Ketiga alasan pembenar di atas, bukankah bisa dikatakan titik awal dari dimulainya sekularisasi gerakan dakwah Muhammadiyah? Jika kita membaca dari beragam mazhab pemikiran politik Islam, mulai dari klasik, pertengahan, dan modern, maka ditemukan tiga model. Pertama adalah model kepemimpinan sosial religius, di mana panduan utama adalah musyawarah dan perlindungan kelompok sosial religius untuk hidup berdampingan satu sama lain. Kaidah sempurnanya adalah traktat atau Perjanjian Hudaibiyah. William Montgomery Watt (1960),menyebut dalam bukunya, Muhammad sebagai Nabi dan Negarawan sekaligus.
Kedua, adalah pemikiran dan mazhab politik di mana telah muncul dinasti dinasti besar khilafah Islam dalam bentuk kerajaan. Arus utama pemikiran politik saat ini adalah tentang etika, kepemimpinan atau raja, tata negara atau tata kekuasaan kerajaan, dan sejenisnya. Munculnya pemikiran politik Islam zaman ini lebih pada pola bagaimana Islam hadir dalam dan di tengah kepemimpinan kerajaan. Tujuannya sama, yaitu kebahagiaan dunia dan akhirat.
Ketiga, pemikiran politik Islam modern. Pemikiran ini muncul terkait dengan munculnya konsep modern state dan demokrasi sebagai proses pergantian kekuasaan yang berbasis rakyat. Di sinilah Muhammadiyah awal bersentuhan. Bahkan KH Ahmad Dahlan bersentuhan langsung dengan para pemikir zaman ini, seperti Jamaluddin Al Afghani, Rasyid Ridho dan Muhammad Abduh.

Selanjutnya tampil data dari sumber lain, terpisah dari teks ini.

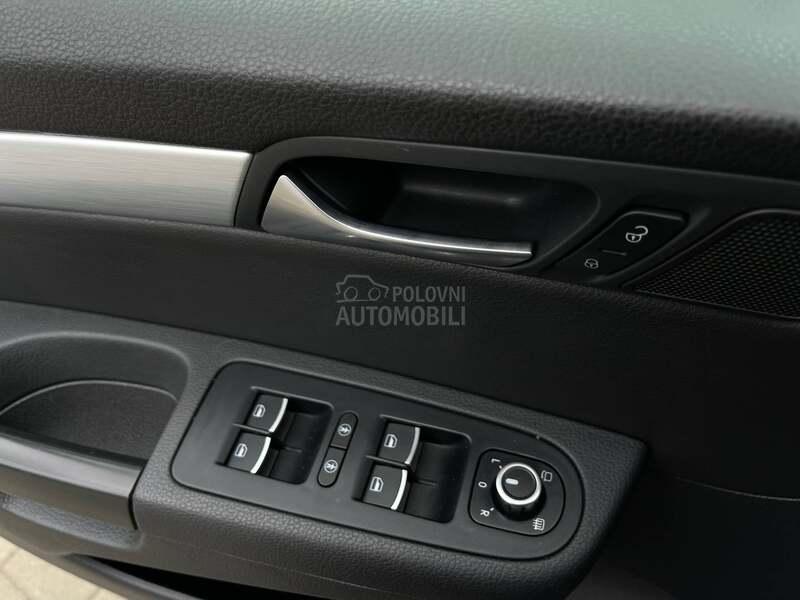 Volkswagen Sharan TDI DSG 7 MESTA CH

Praktik Politik Muhammadiyah
Di Indonesia, penerus KH Ahmad Dahlah, yaitu Ki Bagoes Hadikoesoemo dan Abdul Kahar Muzakir terlibat dalam Badan Penyelidik Usaha-usaha Persiapan Kemerdekaan Indonesia (BPUPKI) atau Dekoritsu Zyunbi Tioosakai, dan Panitia Persiapan Kemerdekaan Indonesia (PPKI) atau Dokuritsu Junbi Inkai.
Membaca perhelatan sidang BPUPKI yang melahirkan Piagam Jakarta, dan sampai pada revisi Sila Pertama, adalah bentuk praktik politik Muhammadiyah, political involving, sekaligus bisa disebut sebagai genetika politik Muhammadiyah. Sedangkan sikap sparring partner, sebagai wujud artikulasi politik elite, adalah waktu jeda untuk menata dan merumuskan bagaimana model politik Muhammadiyah dalam menjaga kiblat Keindonesiaan sebagaimana cita-cita para pendiri bangsa Indonesia.

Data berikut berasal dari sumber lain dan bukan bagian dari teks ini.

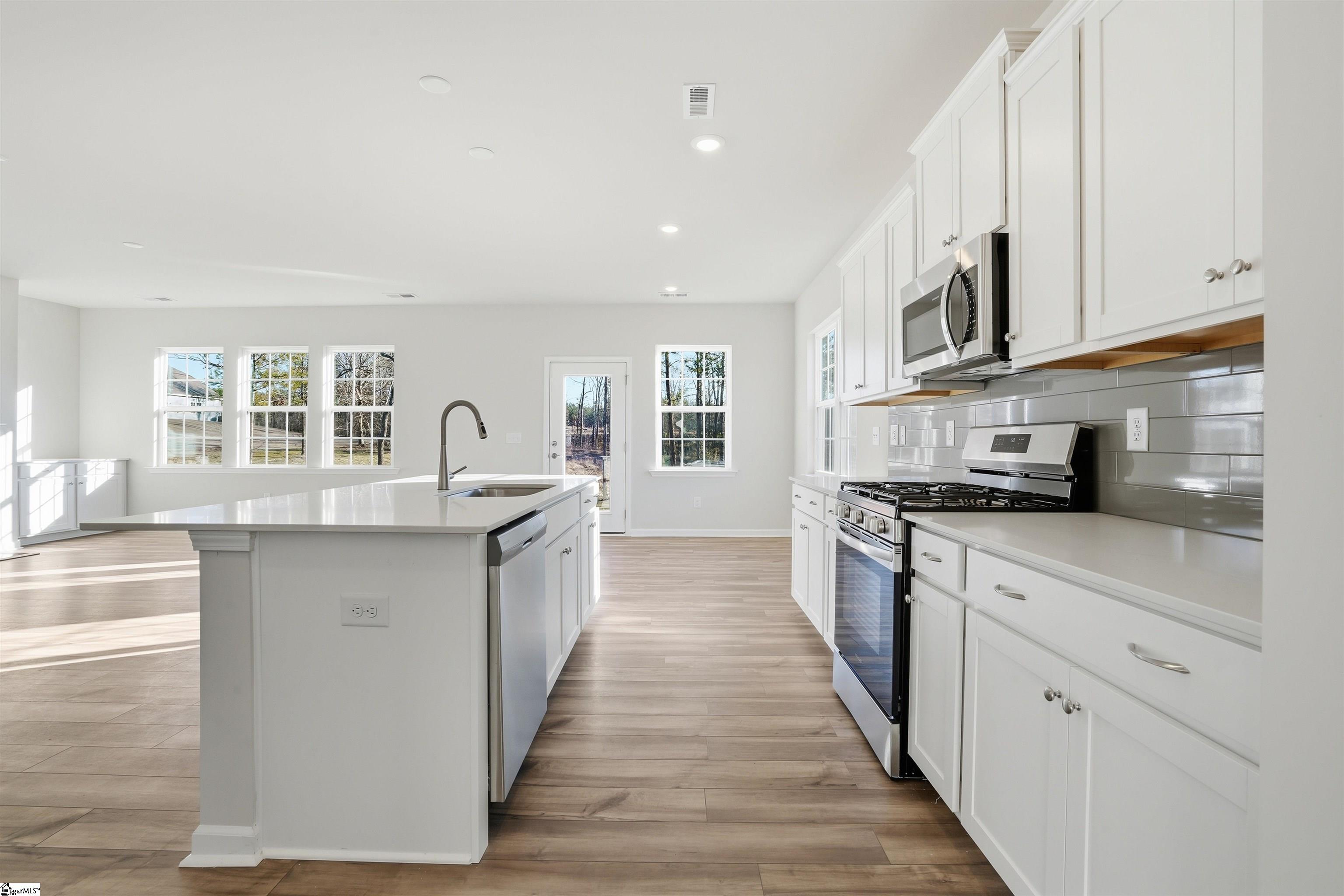 909 Kitson Court Property Photo 15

Sikap pembiaran dan cenderung pembenaran permanen artikulasi politik Muhammadiyah berada di luar arena kekuasaan, sejatinya adalah sekularisasi politik Islam, yang sekaligus sekularisasi MKCH Muhammadiyah. Sebab genetika politik Muhammadiyah, menunjukkan dengan sangat jelas, bukanlah genetika politik di luar arena kekuasaan. Akan tetapi politik yang terlibat dari awal, dalam rangka membangun modern state dengan basis negara demokrasi yang berasaskan Pancasila dan UUD 1945.

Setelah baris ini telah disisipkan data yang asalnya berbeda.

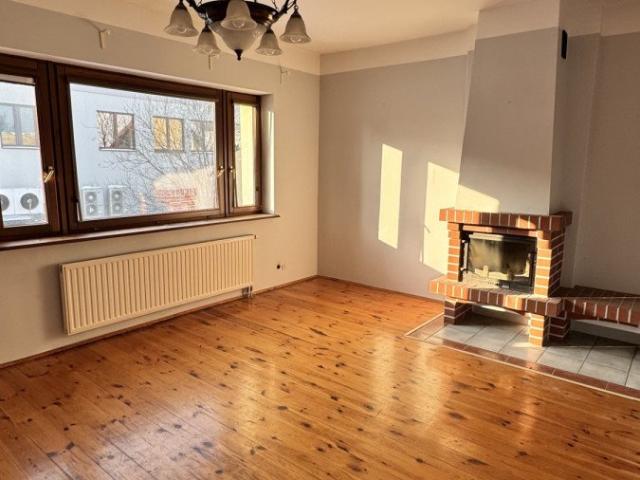 Przestronny dom 450 m² na wynajem – idealny pod biuro!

Untuk melihat bagaimana artikulasi politik Muhammadiyah tersebut terlibat dalam arena kekuasaan, perlu apresiasi khusus dan penelitian lebih lanjut keberhasilan Muhammadiyah dalam politik lokal di Kabupaten Bojonegoro dan Provinsi Bengkulu. Di kedua tempat tersebut Muhammadiyah memenangkan pertarungan politik lokal, dengan melibatkan eksponen Muhammadiyah dalam pertarungan politik. Tentu akan banyak kekurangan di samping kelebihannya. Akan tetapi hal tersebut lebih patut untuk diapresiasi dalam melahirkan transformasi politik Muhammadiyah, dalam rangka mendorong masyarakat utama, adil, dan makmur yang diridloi Allah SWT.